The Primary Types of Life Insurance & How Their Cost is Determined
There are many forms of life insurance policies available to a potential policyholder but all life insurance policies will always fall under two different categories: Term Life Insurance - these types of policies are only active for a specified amount of time of your life, called a "term". When the term ends, so does the policy. Payout only occurs should the insured die sometime within the policies defined term.
There are many forms of life insurance policies available to a potential policyholder but all life insurance policies will always fall under two different categories:
Term Life Insurance - these types of policies are only active for a specified amount of time of your life, called a "term". When the term ends, so does the policy. Payout only occurs should the insured die sometime within the policies defined term. This type of life insurance is best used for temporary or shorter term needs: 20-year mortgage, college education costs for children, and helping to support children and assist with family income needs should one of the parents die.
Permanent Life Insurance - this type of policy covers you for your entire life and will pay death benefits when you eventually die. This type of insurance policy is best for "permanent" related needs: burial fees, estate taxes, providing income for a spouse, etc.
Whichever type of insurance policy you choose, there are two factors that determine its cost: Mortality Cost and Policy Expense Cost.
Policy Expense Cost is the cost of insurance company expenses such as office rent, utilities, general staff, and agent commissions. Depending on the type of policy you purchase, this fee can either remain constant or fluctuate throughout your policy's lifespan.
Mortality Cost is determined by the odds of the insured dying at that particular moment. Obviously, the odds of the insured dying increase exponentially with age. To avoid an ever increasing insurance premium that correlates directly with the insured's aging, insurance companies average the increase and adjust the early premium payments accordingly. Essentially, you are paying an inflated premium when the insured is younger and a much lower premium as the insured individual ages, but the actual payment remains constant. This overpayment is called "cash value" and must be reimbursed to the policyholder should he or she cancel an existing permanent life insurance policy early. It is important to note that Term Insurance premiums increase with the policy holder's age but they will never accrue a "cash value". When a Term Insurance policy is terminated early, there is no refund for overpayment due from the insurer.
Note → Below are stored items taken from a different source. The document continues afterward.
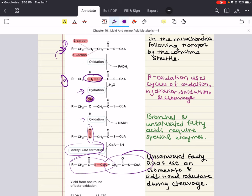In polyunsaturated fatty acids — those with more than one double bond — a further reduction is required using 2,4-dienoyl-CoA reductase. It converts two conjugated double bonds to just one double bond at the 3,4 position, where it undergoes the same rearrangement as monounsaturated fatty acids.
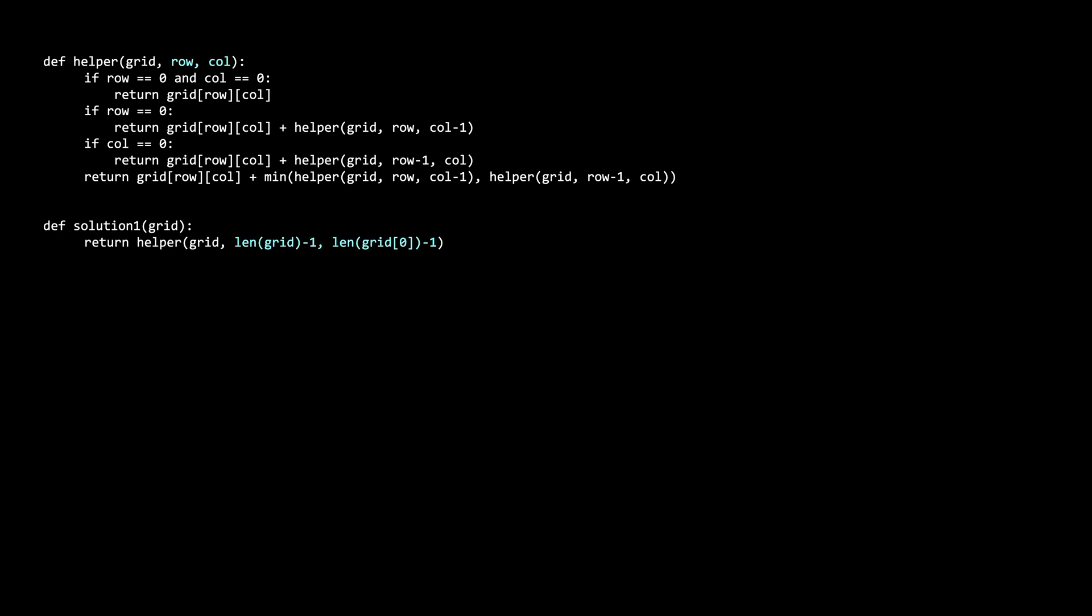The recursive solution calls a helper function. The helper function accepts the row and column of the position of the min_sum subproblem we are trying to solve. The initial call is going to be the bottom right corner since that is the final answer we want to solve. The recursive case is exactly the same as the generalized solution we were talking about earlier. The value of the grid plus the min of the subproblem for the cell above and to the left. The base case is the top left corner. The answer for the top left corner is just the grid value itself because you start in the top left corner and no positions can move into it.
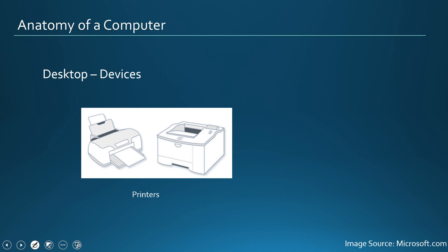We will talk about each and every device as well as the system unit in the subsequent videos. But this is the basic architecture of an anatomy of a computer. It has a central system unit which houses very important components which talks to the devices that are connected to it. The devices are like input-output devices. Thank you for watching.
Additional life insurance terms you should know:
Beneficiary - This is the person or organization to whom the insurer will pay proceeds to should the insured die. This could be your husband/wife, or your spouse. It could also be your children or a perhaps your favorite charity.
Primary Beneficiary - This is the person or organization that will be paid upon the insurer's death.
Contingent Beneficiary - This is the person or organization to which the proceeds will be paid to should the Primary Beneficiary be dead or no longer exist (such as a company or corporation named as the Primary Beneficiary). If no Contingent Beneficiary was named in the policy, proceeds will be paid to the Primary Beneficiary's estate.
Face Amount - This is the amount of money payable at time of death. It is usually found on the first page of every Life Insurance policy, whether it's a Term or Permanent policy.
Purchase Options - These are options that can be purchased throughout the life of the policy regardless of the insured's health. A good example of a purchase option is allowing the policyholder to increase the amount of the policy without having to re-evaluate the health of the insured.
Waiver of Premium - This is an optional coverage that permanently suspends your premium in the event that you are disabled. However, you must first be disabled for six months before the waiver takes effect. Additionally, this option is quite expensive and may not be necessary should the insured have substantial disability coverage.